Is relativistic event horizon half of Newtonian event horizon?

Question

Is Relativistic event horizon half of Newtonian event horizon?

relativistic escape velocity formula (from $m\phi=E-E_0$) is $v_e=\sqrt{2\phi-(\frac{\phi}{c})^2}$ and the Newtonian version of the formula (from $m\phi=\frac{1}{2}mv_e^2$) is just $v_e=\sqrt{2\phi}$, in both cases $v_e$ is the escape velocity, and $\phi$ is the gravitational potential. (for black hole $v_e=c$)

$R=\frac{GM}{c^2}$ Relativistic event horizon

where R is the radius of the black hole, or the distance from its center to its Relativistic event horizon. This formula gives exactly half the value as that of the standard Newtonian formula $R=\frac{1}{2}R_s$

$R_s=\frac{2GM}{c^2}$ Newtonian event horizon

or

Is the Schwarzschild radius twice the distance from the center of a black hole to its real event horizon?

or

are black holes only half as large as previously believed (according to relativistic effects)?

_{(source: cloudfront.net)}

Answer 1

No. You must have made an error in determining the GR horizon radius.

The radius of the event horizon determined from Newtonian theory (simply determining the distance from a point mass at which the escape velocity equals the speed of light) happens to be the same as the radius rigorously derived from the General Relativistic equations.

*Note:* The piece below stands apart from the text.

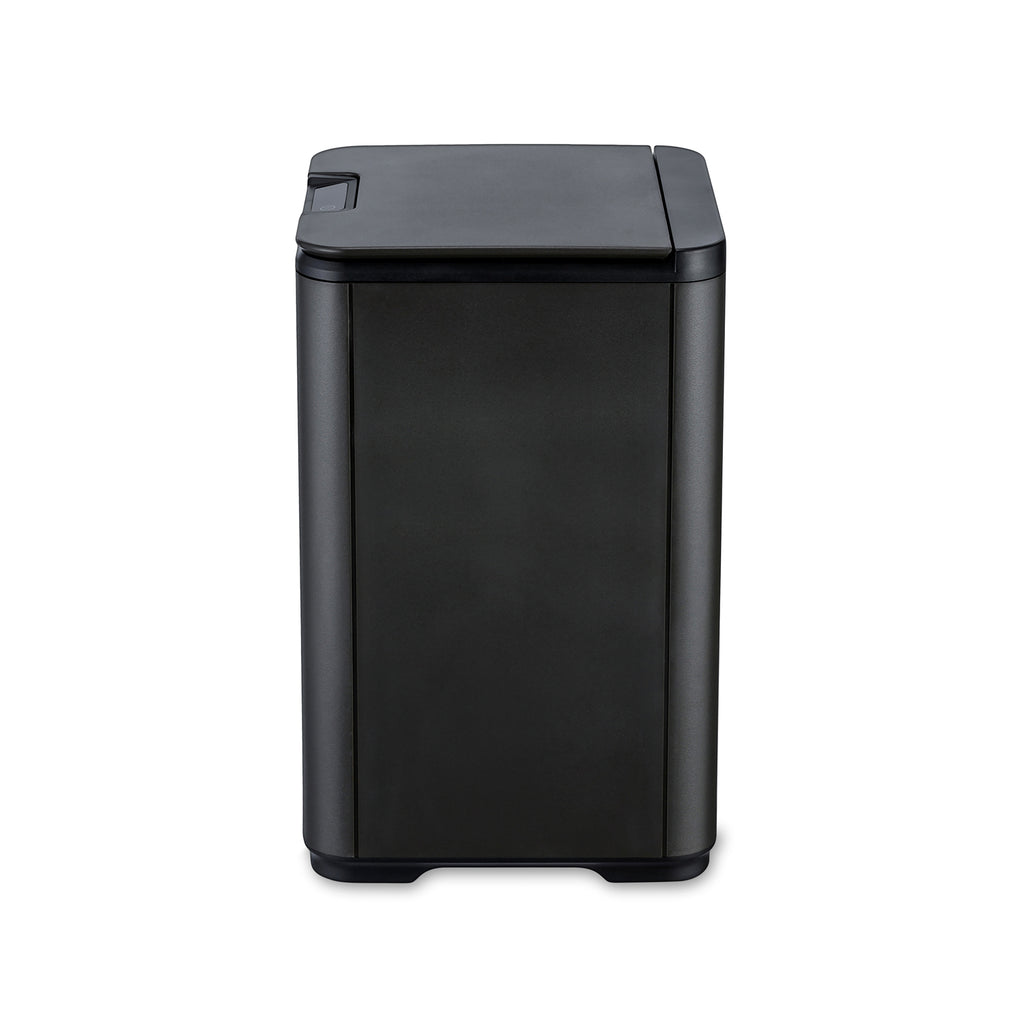 Square Motion Sensor Trash Can 2.6 Gallon, Black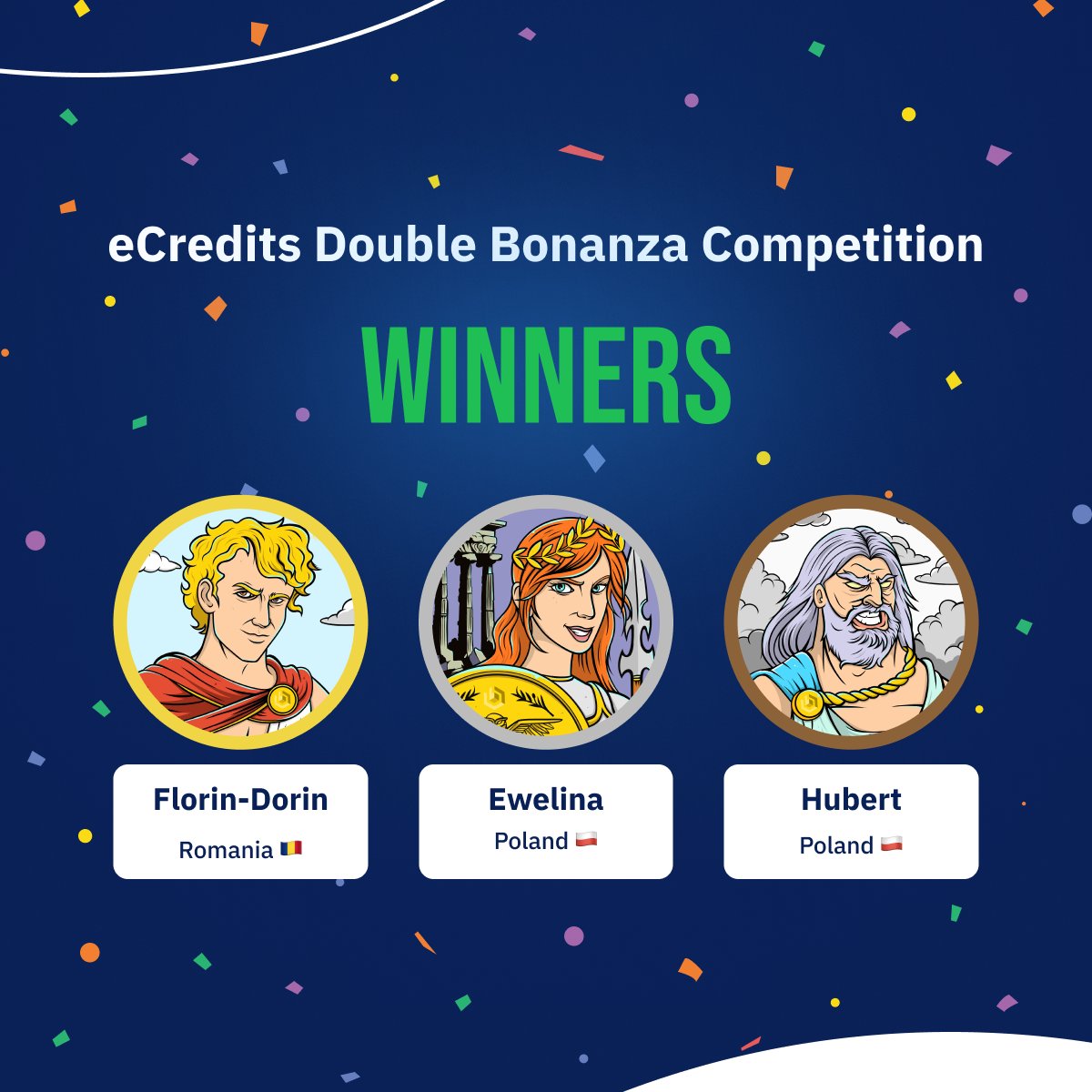 Blocktradecom's tweet photo. The eCredits Double Bonanza competition has ended!
Congratulations to all the winners!
The team has already contacted you over email.
Thanks everyone for playing and happy trading!
#Blocktrade #ECS #eCredits #blockchain #GameFi https://t.co/mgltSODU6V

This, by the way, is a 'coincidence'. Would you calculate the radius of the photon sphere from Newtonian theory (determining the distance from a point mass at which the centripetal force equates the force of gravity for a test particle moving at the speed of light), you would find a distance that is three times too small compared to the correct General Relativistic expression.

Answer 2

Your question is meaningless. In Newtonian physics, there is no limit to the possible velocities. Light has velocity $c$ but higher velocities can exist. Therefore, you can send something from any distance from any mass fast enough to have escape velocity.

Black holes are a purely GR concept.

And it is easy to prove.

Consider a Newtonian compact object, of mass M and radius not necessarily zero, but small enough to be what you'd call a "Newtonian black hole", say radius less than $\frac {MG}{10c^2}$

Hovering very far from this object, I send in its direction a projectile with a reasonable velocity, much larger than escape velocity from its attraction at this distance. I aim extremely carefully, to have a hyperbolic trajectory that passes, say at a distance $\frac {MG}{5c^2}$, so it does not crash into the object. Well within what you would like to call its "horizon". Of course my projectile has acquired in the process a speed much higher than $c$, but we are in Newtonian physics, aren't we ? So it is OK.

Since the trajectory is hyperbolic, it will get out of the gravitational potential with more than the escape velocity.

There can be no horizon in Newtonian physics